Asbury never aspired to become a professional theologian or a polished academic. He wanted only to pass on to his generation the faith “once for all entrusted to the saints” (Jude 1:3). Ezekiel Cooper, delivering Asbury’s funeral sermon, said that Asbury had found his doctrines in the Bible, the Methodist articles of religion, and the Apostles’ Creed. Asbury’s message emphasized four essentials:
All can be saved. All groups that follow the theology of the Wesleys champion the belief that God wants no one to perish, but all to come to repentance, trust in Christ, and enter God’s kingdom: Christ’s atonement is not for some, but for all. A prominent Methodist saying is, “Free salvation for all people, and full salvation from all sin.”
The Holy Spirit witnesses assurance to the believer. Asbury preached that the presence of the Holy Spirit gives Christ’s followers assurance of eternal life. The objective nature of that assurance rests on biblical promises that God will save all who turn to him. The subjective aspect comes from the Holy Spirit’s inner witness to human spirits (Rom. 8:16).

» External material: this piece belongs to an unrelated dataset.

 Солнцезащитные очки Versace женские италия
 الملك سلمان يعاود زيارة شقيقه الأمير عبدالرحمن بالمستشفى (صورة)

Christians can be free from sin’s guilt and grip. Asbury insisted that God both forgives the presence of sin and frees from the power of sin, noting, “the testimony of the ministry [is] holiness of life.” He wrote in his journal on January 9, 1814, “I am divinely impressed with a charge to preach sanctification in every sermon.”
We move from inward change to outward service. Asbury preached that God summons all Christians to minister to the souls, minds, and bodies of others. He helped establish academies to educate young people, supported the publication of “suitable literature,” urged the end of slavery, opposed the manufacture and sale of “spirituous liquors,” fostered Christian cooperation, and provided relief for the destitute. But he believed that the greatest social benefit that Christianity offers is new life in Christ.
Asbury had neither the time nor the inclination to delve into complicated theological issues. But his personal example and institutional leadership inspired Methodists “to reform the continent, and spread scriptural holiness over these lands.” His message helped countless souls experience the transforming grace of God.